• _Records provided_:
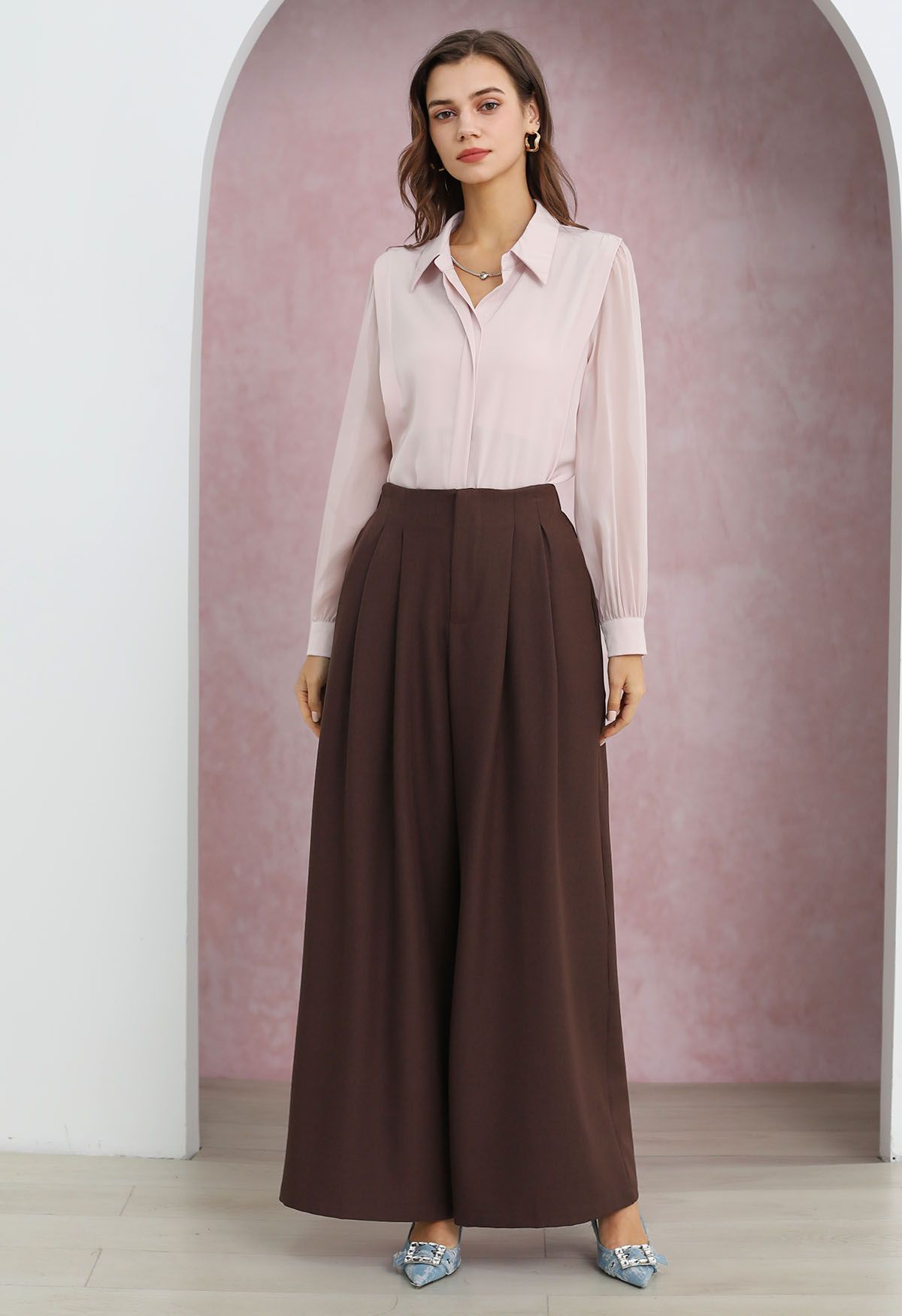 Heart Necklace V-Neck Satin Shirt in Dusty Pink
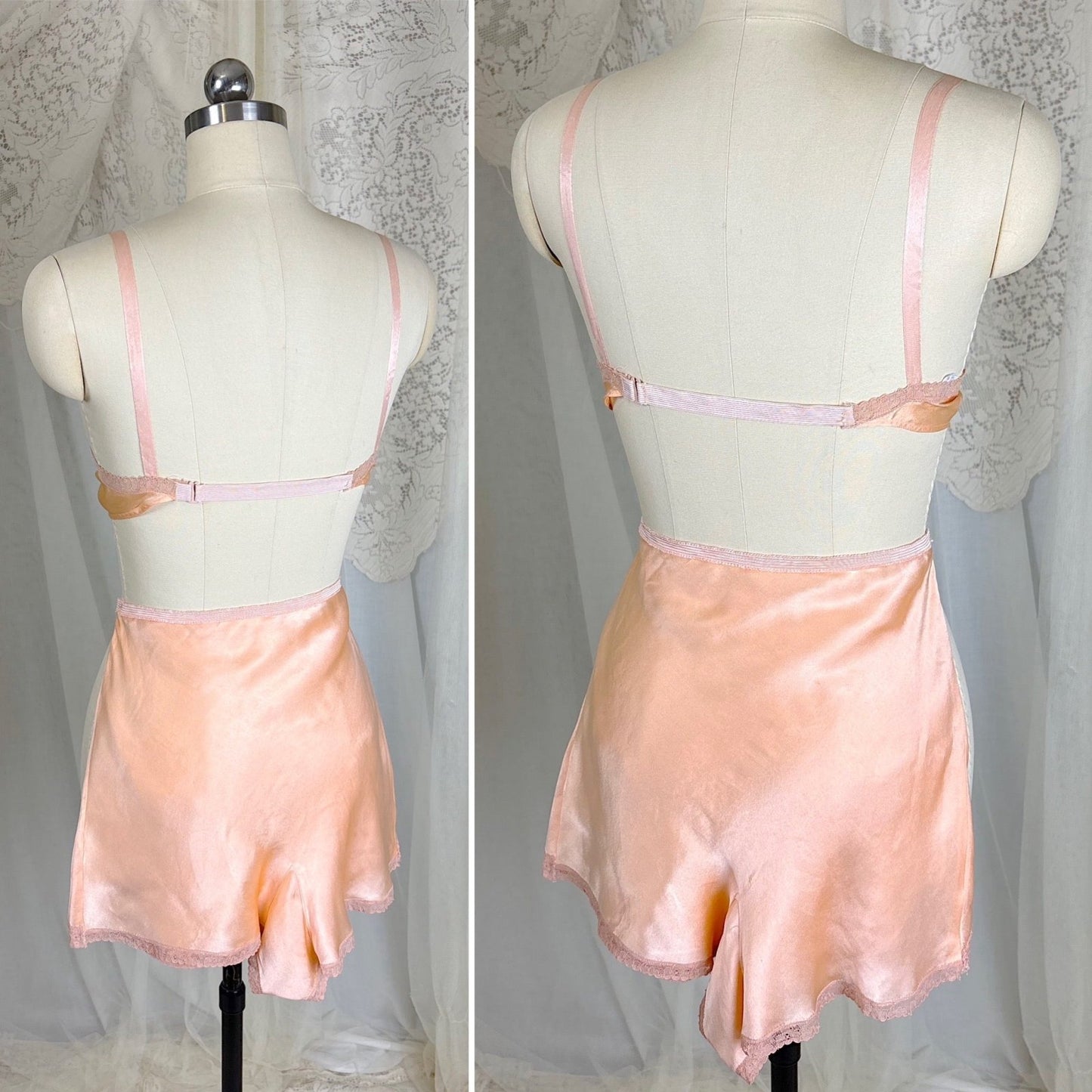 Vintage 1930's Warm Peach Silk Satin Bralette & Tap Pants Lingerie Set - Size S, M - Daggers & Dames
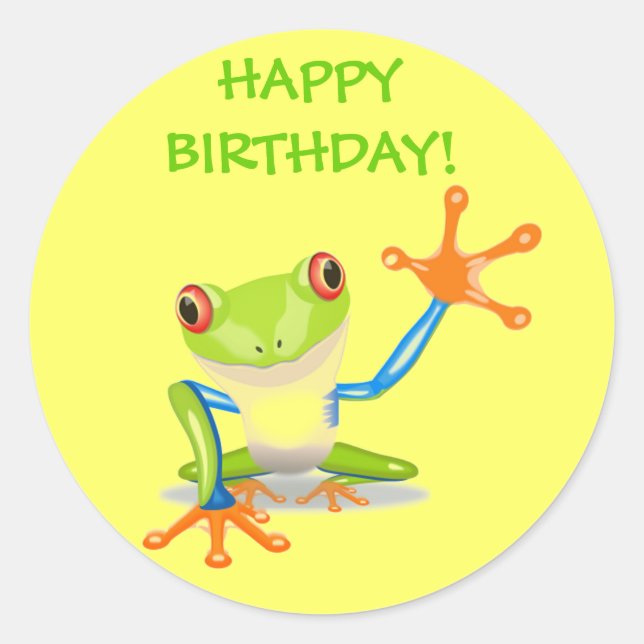 Cute Funny Cartoon Frog Kids Happy Birthday Party Classic Round Sticker (Front)
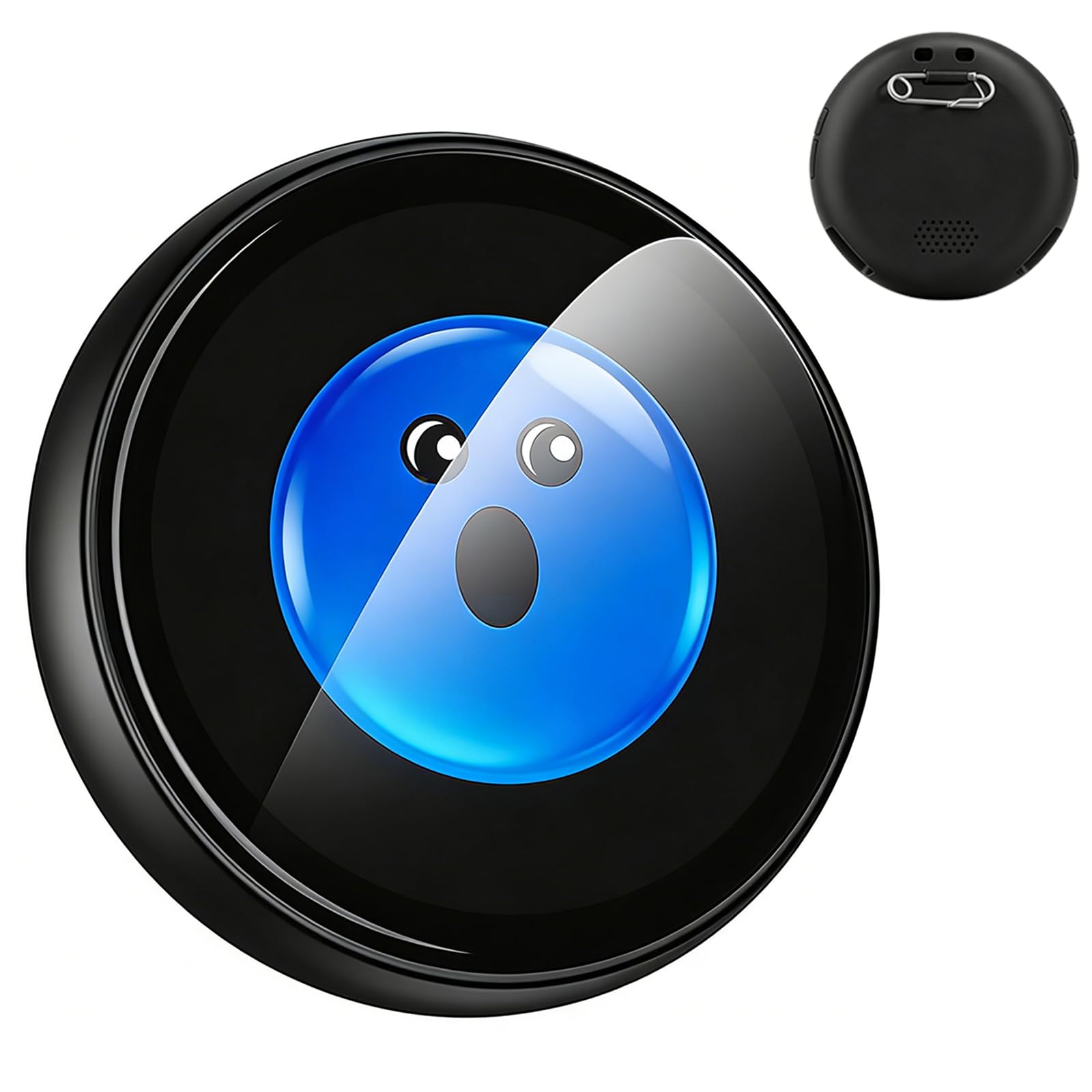 ZNP Digital Badge, AI Companion Badge for Conversational Chat Translator for 60 Languages, Customizable Anime Style Digital pin with Dynamic Touch Screen for Travel Business Life Gift (Pendant&Pin)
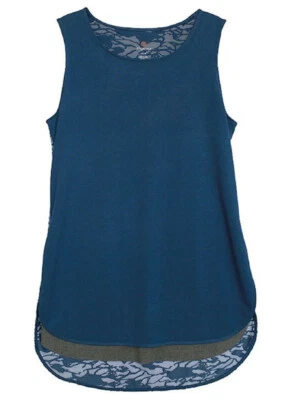 Camiseta sin mangas Tangerine para mujer Athleisure denim oscuro agotado en capas - Tallas S y M Foto 1 de 4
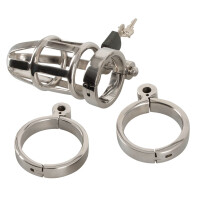 Peniskäfig aus Edelstahl mit Schloss & 3 Ringen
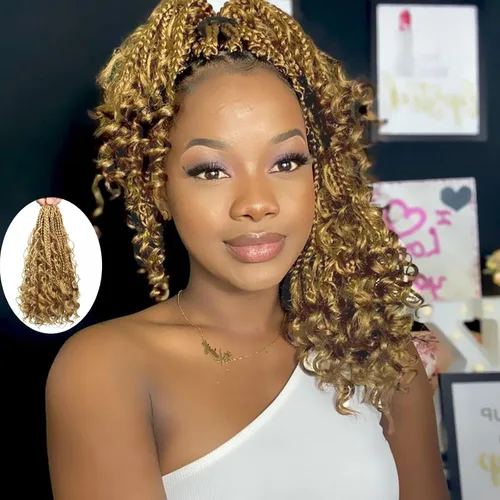 Miniatura 8 de Flagship 9 Paquetes Goddess Box Braids Cabello de Ganchillo para Mujeres Negras - 10 Pulgadas Pre-enrollado con Puntas Rizadas, Estilo Bohemio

• _Assignment_:
When you reach the line containing "Cute Funny Cartoon" in the entries above, begin restating word for word, and stop once the line containing "Camiseta sin mangas" has been given. Omit the pictures.

• _Completed task_:
 Cute Funny Cartoon Frog Kids Happy Birthday Party Classic Round Sticker (Front)
 ZNP Digital Badge, AI Companion Badge for Conversational Chat Translator for 60 Languages, Customizable Anime Style Digital pin with Dynamic Touch Screen for Travel Business Life Gift (Pendant&Pin)
 Camiseta sin mangas Tangerine para mujer Athleisure denim oscuro agotado en capas - Tallas S y M Foto 1 de 4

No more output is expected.